I am trained as a physiologist, with a focus on lifestyle interventions to reduce the risk of cardiovascular disease and kidney disease progression in patients with kidney diseases, particularly autosomal dominant polycystic kidney disease (ADPKD) and chronic kidney disease (CKD). Our laboratory conducts clinical and translational research in these populations, evaluating the efficacy of interventions, physiological mechanisms underlying pathophysiology, as well as physiological changes mediating improvements in response to interventions. Additionally, I completed a MPH in epidemiology, and I have a strong interest in translational research that spans from the cellular level to a population-wide impact.
Our laboratory has equipment and expertise to employ state-of the art techniques, including measuring brachial artery flow-mediated dilation, carotid artery compliance, pulse-wave velocity, and transcranial Doppler assessment of cerebrovascular reactivity. Our integrative methods include oxidative stress-mediated suppression of endothelium-dependent dilation, vascular endothelial cell collections, serum incubation in cell culture, pro-inflammatory cytokine production of stimulated peripheral blood mononuclear cells, and adipose tissue biopsies.

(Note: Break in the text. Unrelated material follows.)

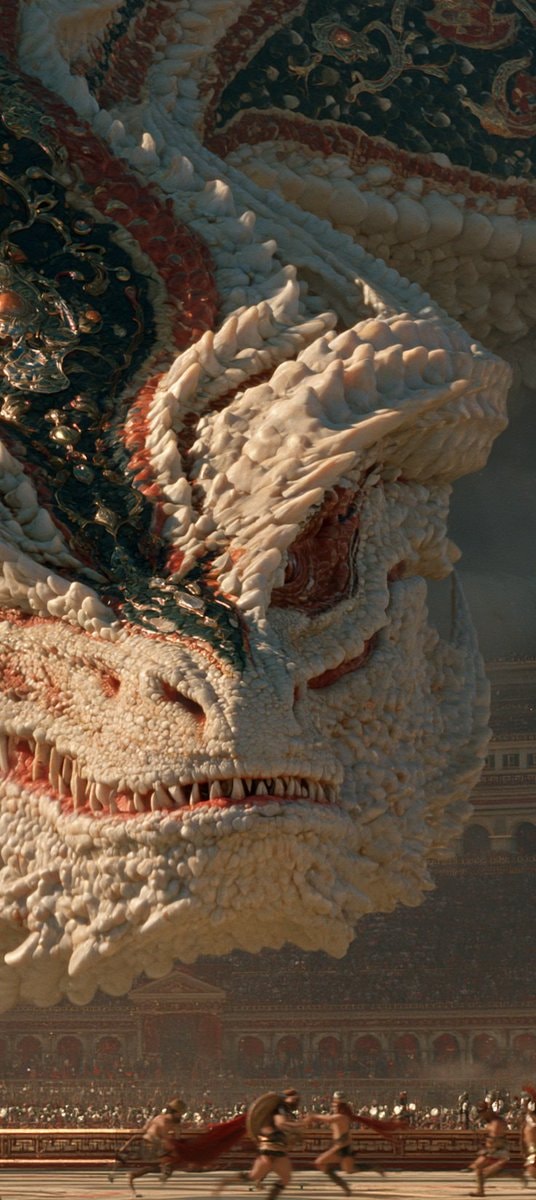 colossal scaly creature in roman arena (photo 3 of 4)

In addition to expertise in vascular physiology, we are actively investigating strategies targeting metabolic reprogramming (e.g., caloric restriction) and adiposity in adults with ADPKD. We are at the forefront of novel ADPKD research. For example, we were the first to report a strong and independent association between overweight and obesity in ADPKD progression. I have been PI or Co-I for multiple clinical trials in patients with ADPKD, as well as CKD, including children and young adults.
We are committed to the scientific training of the next generation. Trainees in the laboratory have successfully obtained individual postdoctoral fellowships supporting their cutting-edge research.